When de-curling, curlies are stripped when a line ends with { or begins with }. Currently no checking is performed to ensure that indentation is correct; that is your duty before de-curling! (TODO: implement checking.)

Curling

Indented code blocks are detected and wrapped in curlies.

The indent chars for detection are determined from the first indented line found in the file. So if later indents do not match the detected indent (e.g. spaces in a Tab-indented file, or 2 spaces in a 4-space-indented file), that indentation will be ignored for curlies, and preserved in the output. For example:

while (weHaveAFourSpaceIndentedFile)                            # indent 0
    if (ourLineIsTooLong() && weNeedToMakeItWrap() &&   \       # indent 1
      nowWeCanUseATwoSpaceIndent() && thatWillBeIgnored())      # indent 1
        thisShouldStillGetTheCurliesItNeeds()                   # indent 2

However that example will have problems if semicolon injection is enabled (one will be added after the \).

Semicolon injection appends a ; to any non-empty line that is not the start of an indent block. Therefore it will also inject incorrectly after single-line blocks as seen here:

if (condition) { action(); };

Blank lines containing only indentation/whitespace are ignored and preserved, so they do not affect curly wrapping.

Comment lines should not be stripped or injected into, or used for indentation.

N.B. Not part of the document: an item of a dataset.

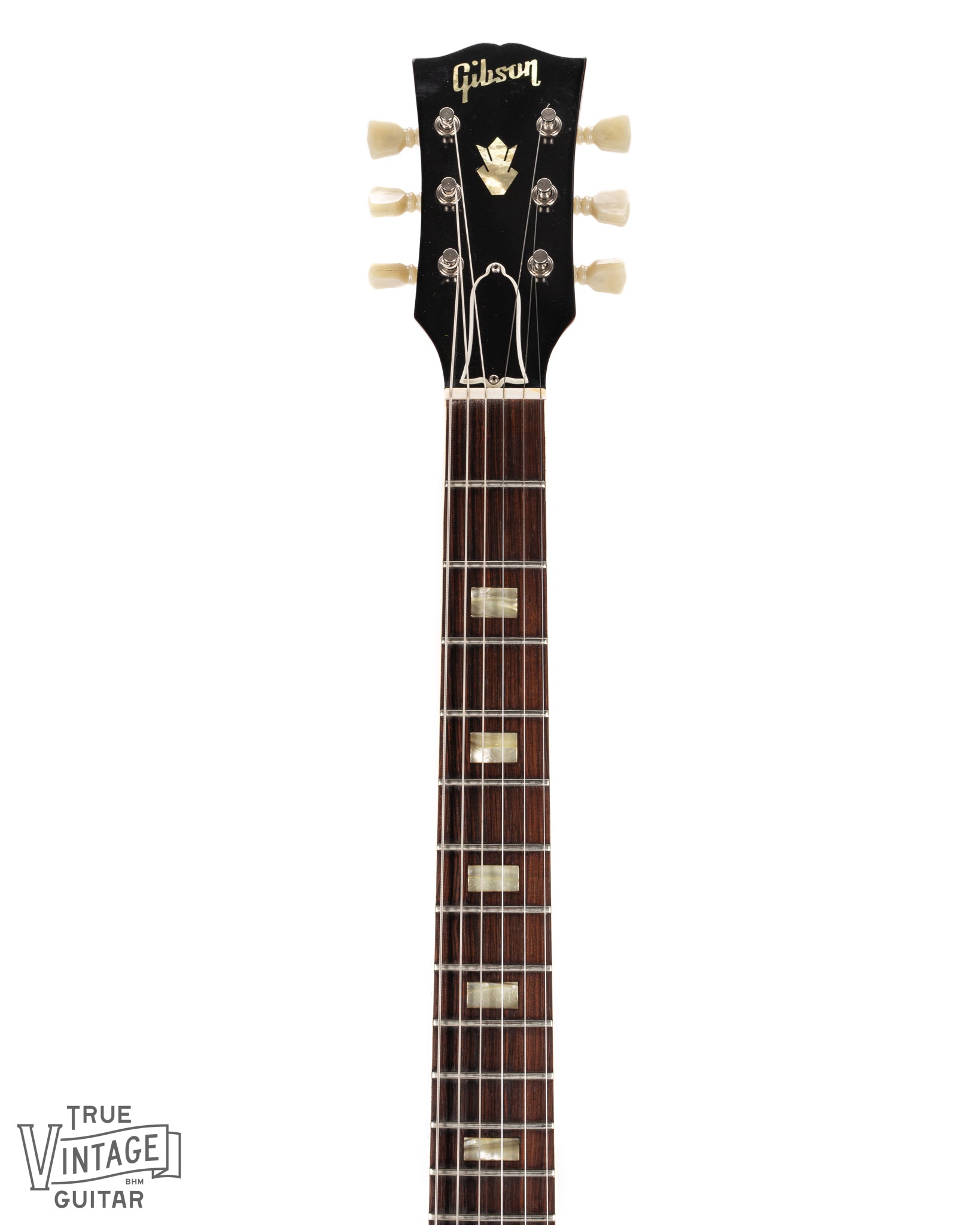 Front of 1963 Gibson ES-335 Cherry Neck and Headstock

This policy is followed for simple single-line comments, but not for trailing comments at the end of a line, and not in the body of multi-line comments. (By the way, we also have some filthy heuristics to differentiate */ ending a comment from */ ending a regular expression literal.)


Caveats

SWS uses a simple text-processing algorithm to transform files; it does not properly lex/parse or understand your code. Because of this, it will probably only work on a subset of the language you are using. In other words, you may need to restrict your code-style a little, to something that SWS can handle. Notable examples are:

  • SWS does not parse the code in a strict manner. It uses a simple line-based approach for curling, with some extras tacked on. Specifically, most of the time it does not track when it is inside or outside a String or Regexp literal, and as a result can get confused with regard to multi-line comments. For example, the following was a problem before we introduced heuristics for it:
    log("It looks like /* I am starting a multi-line comment, but I'm not!")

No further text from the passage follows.